When the US ambassador to the UN disingenuously calls for “negotiations” between the Israeli Goliath and the Palestinian David as, effectively, the only option to get Israeli recognition, and consequently UN recognition of a Palestine State, it is tantamount to asking the victim of occupation to cry “Uncle” and completely acquiesce to the viciously unjust demands and conditions of the occupier.
The caged Christian prisoners thrown out in the arena in old Rome had a much more even chance of survival in fighting the lions or Galdiators than the Palestinians do today in gaining their rights from the new Rome, that chose the title, “Israel”.
Bravo. May be it is the women both Palestinian and Israeli who will eventually be able to liberate the land and its people and bring about justice and peace where so much injustice and suffering have prevailed for decades.
In Israel/Palestine, the conflict is now all about human rights and equality under the law. Jewish Israelis are able to go wherever they want, in Israel or the occupied territories, and non Jews cannot, as the article shows. There are even roads for Jews only. Not even South Africa had that.
The overall silence of Americans, and American Christians in particular, is something that churches should not be proud of, to say the least. It is never too late however, to stand squarely and strongly for justice and equal rights under the law in Israel/Palestine
Our country gives billions of dollars a year to a nation that practices apartheid, in law, while our own citizens are facing drastic cuts in programs they desperately rely on. So not only is our nation silent about apartheid, but we support it by sending our annual billions to Israel. We should be outraged about this, and let our Congresspeople that we want this ended now.
Father, forgive them, for they know not what thet do.
Unfortunately, John, I think the the Israelis know exactly what they’re doing. They simply don’t care who gets hurt. They want all of Palestine, without having to share political power or have equality with the non Jews, and that’s exactly what they’ve gotten, without a peep fron the rest of the world.
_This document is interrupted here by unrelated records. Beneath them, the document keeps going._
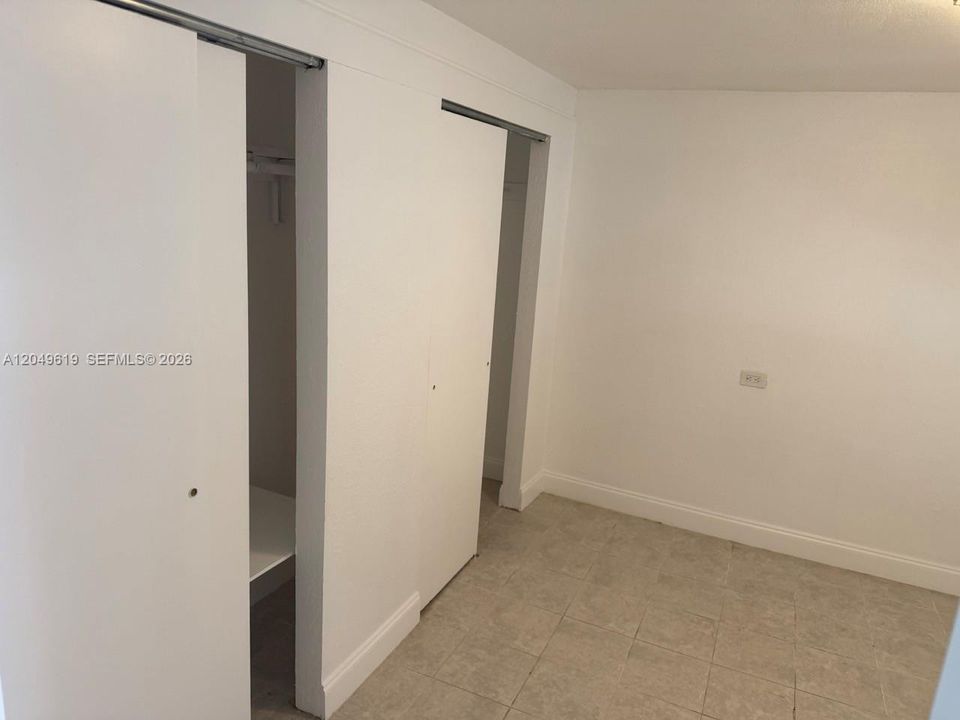Activo con contrato: $1,497 (1 camas, 1 baños, 450 Pies cuadrados)
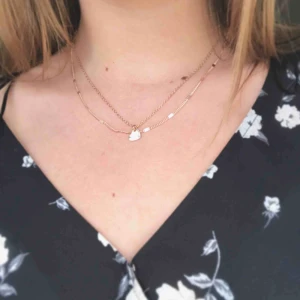  - Super fint halsband som tyvärr inte kommer till användning, använt få tal gånger och är i gott skick köpare står för frakt (10kr)  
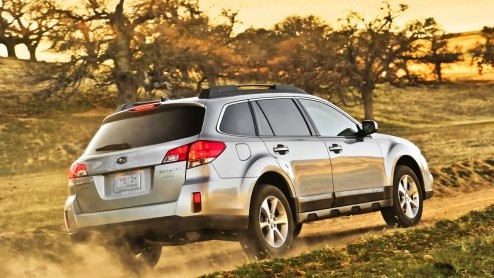 Subaru Outback MY2013 geintroduceerd. Voor het eerst ook als 2.0D diesel met automaat Lineartronic CVT beschikbaar.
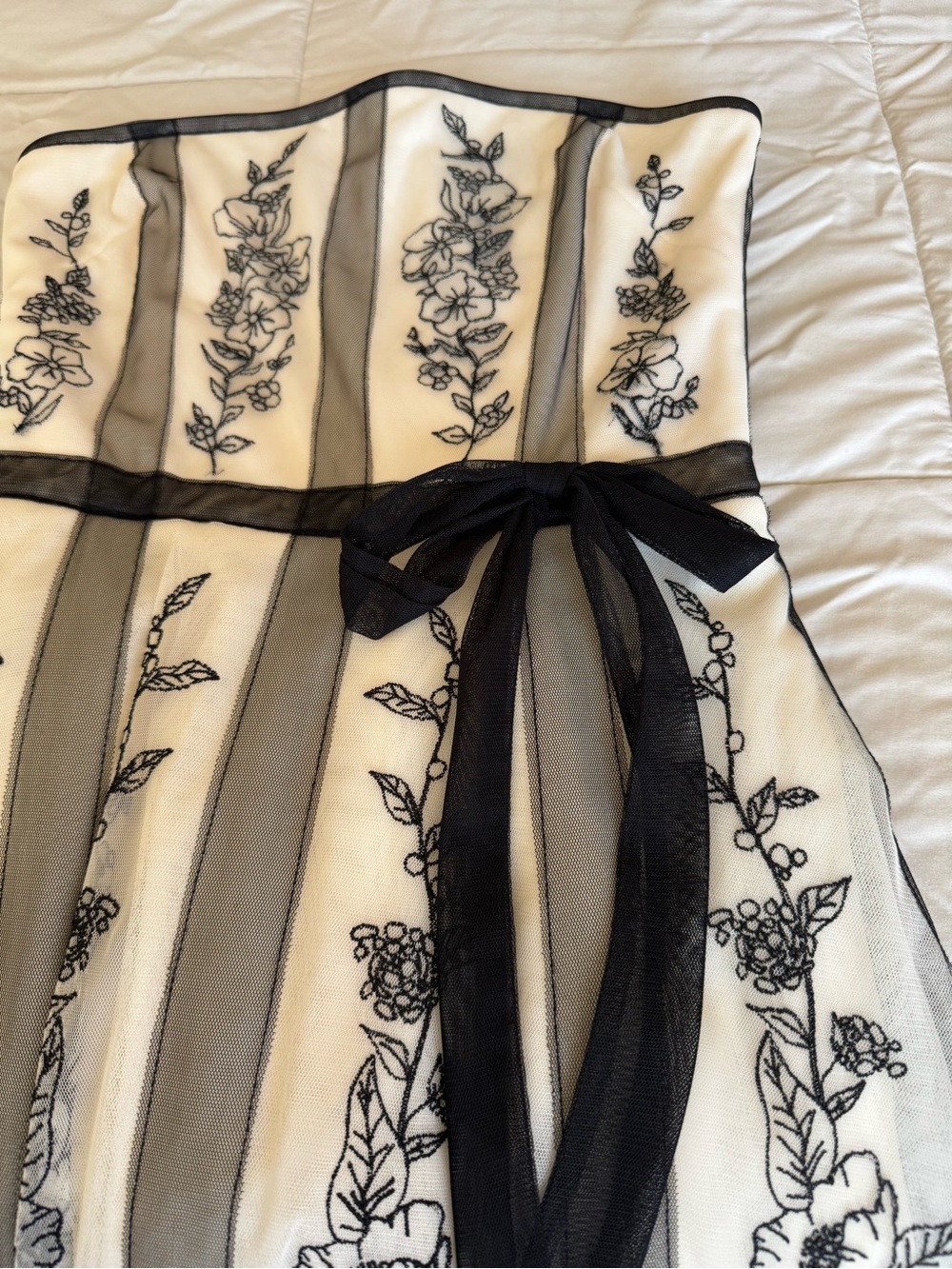 WHBM - Strapless White Dress with Black Floral Embroidery and Belt size 2 - Picture 2 of 5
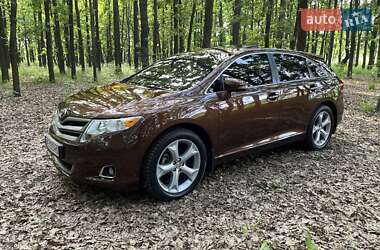 Позашляховик / Кросовер Toyota Venza 2013 в Кривому Розі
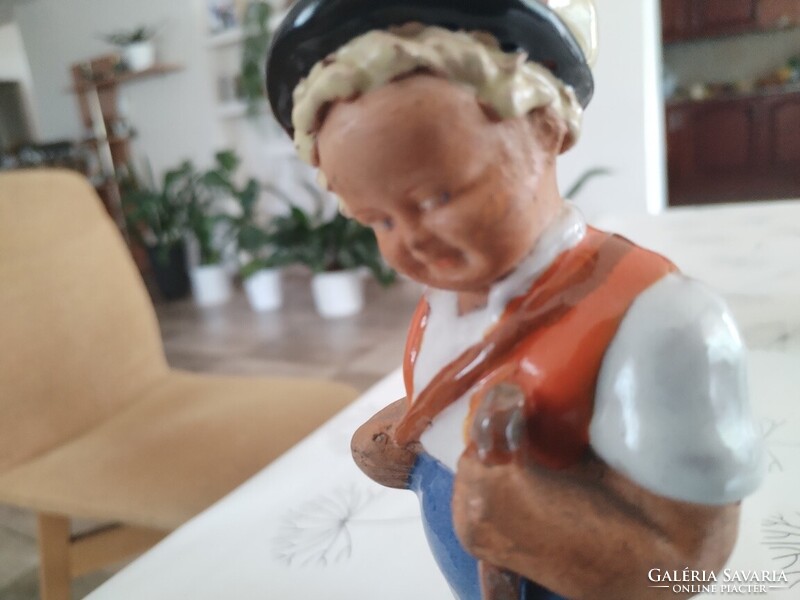 Szécsi Jolán kerámia figura cca16 cm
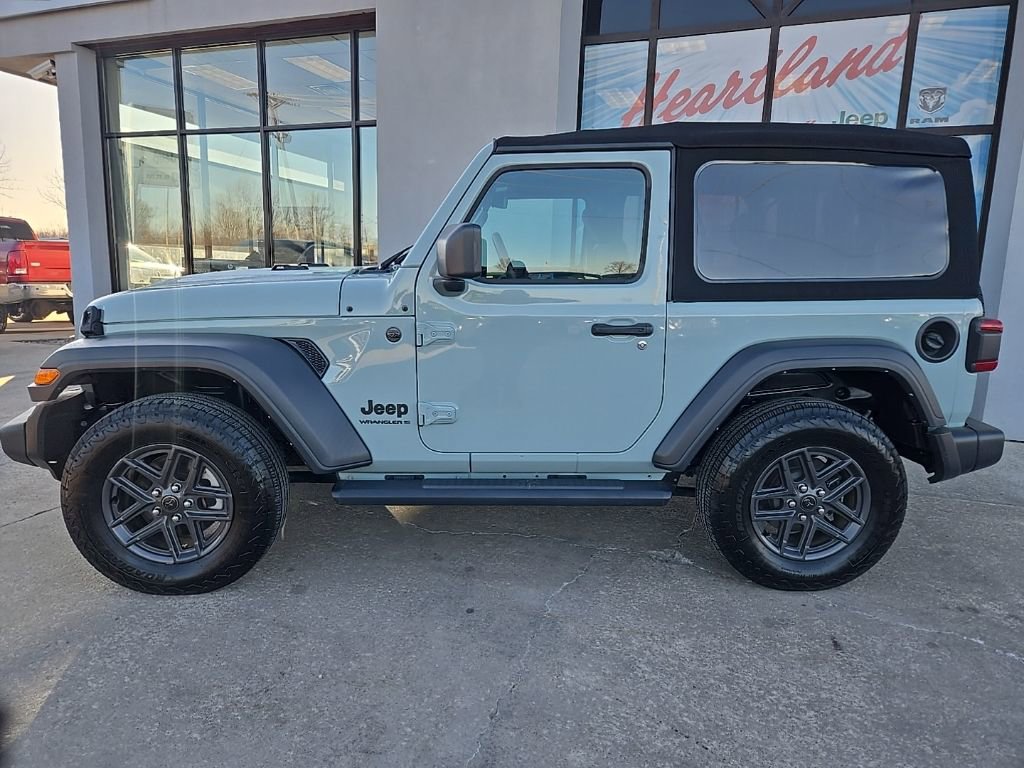 Used 2024 Jeep Wrangler Sport S image 4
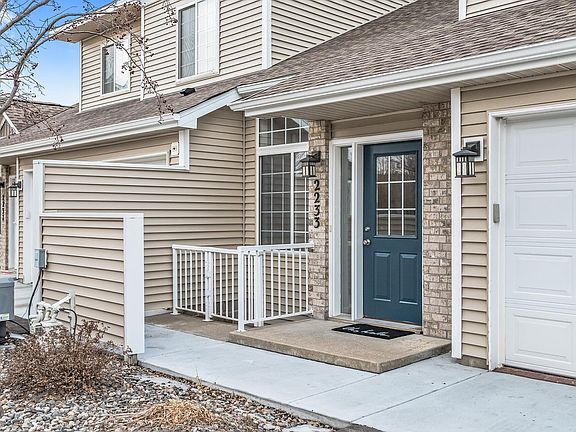 3rd image of 2233 River Rock Ln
For the Israelis and their supporters around the globe, it’s been a huge success. Morality? It clearly doesn’t matter among the vast majority of Israelis, or Americans either, judging by our Congress and mainstream media.
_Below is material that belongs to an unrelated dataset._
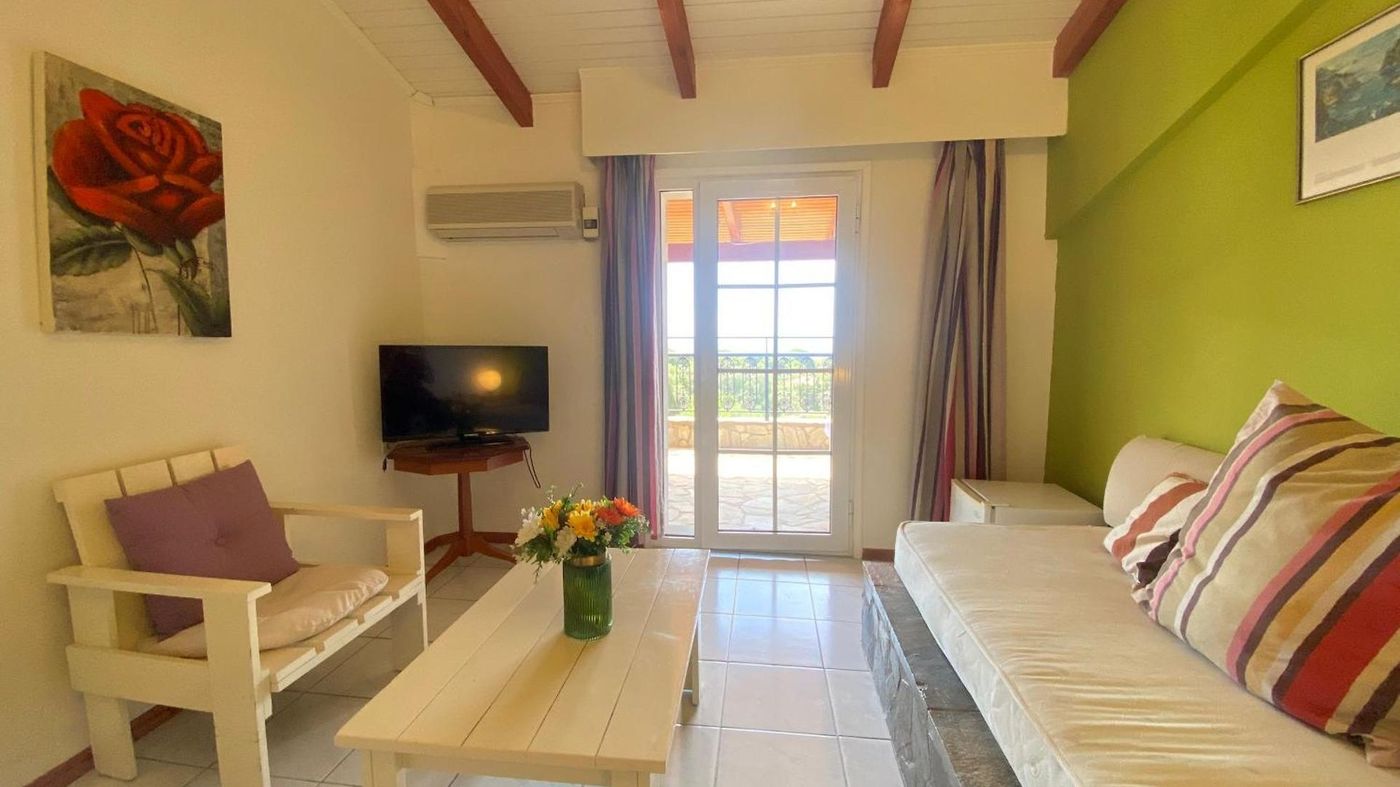 Hotel-Sunrise-Inn-Room-45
Fred hit the nail on the head. Morality is not what this is about, greed for more land and power is what it is about. And in our Congress, the greed for the Jewish lobby money and voter influence dominates. It is a sad and immoral day for the USA to threaten a veto for freedom.
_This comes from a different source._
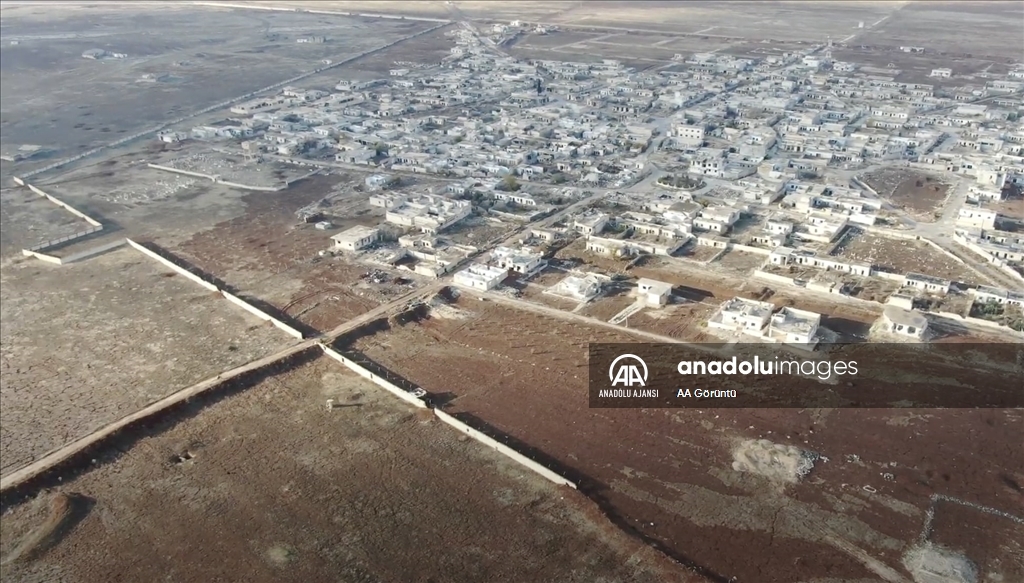 Terör örgütü YPG/PKK, Tel Rıfat ve çevre köylerde tünel kazıp silah saklıyor
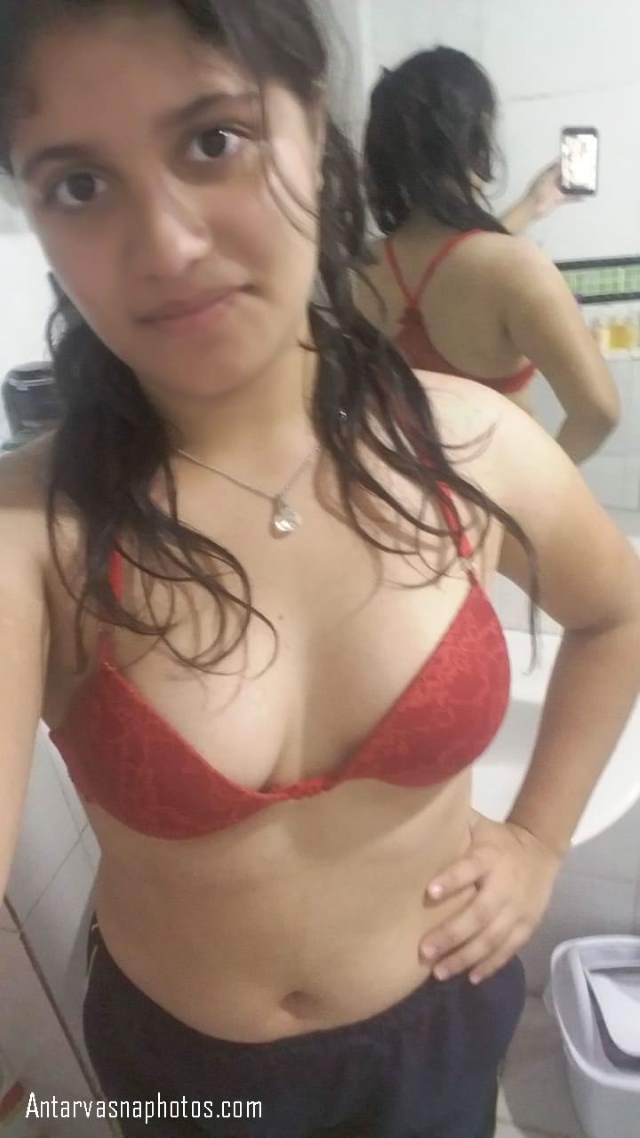 https://www.antarvasnaphotos2.com/wp-content/uploads/2020/10/sexy-bra-me-selfie.jpg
Fantastic post Jim, and thanks for making a point of Bronner’s article (and step forward in my view of his writing). When I lived in Palestine, some friends and I snuck a friend who was studying on the West Bank into Accra to spend a weekend by the sea. He was originally from Gaza and loved the ocean but had not seen it in 10 years. To be there to witness his reaction was a moment of grace.
Concerning Bill’s comment above, I think there have been both non-violent leaders and movements throughout the occupation, although they have largely been ignored by the West, namely by those who are far more comfortable dismissing Arabs has intrinsically violent and incapable of such high-minded efforts. The names Rev. Dr. Naim Ateek, Mazin Qumsiyeh, Omar Barghouti, Dr. Edward Said, and others come to mind. And of course the first Intifada was a largely non-violent movement. I don’t know if it’s the lack of Palestinian leaders and movements or the lack of American vision, compassion, and responsiveness to these courageous acts.
The state of Israel was created by the United Nations. Why not Palestine?
Somebody should tell Ambassador DiCarlo, the State Department and the administration, what Clyde Farris so cogently points out. DiCarlo et al. should bone up on the relevant history.
Jim: The power of non violence should never be underestimated.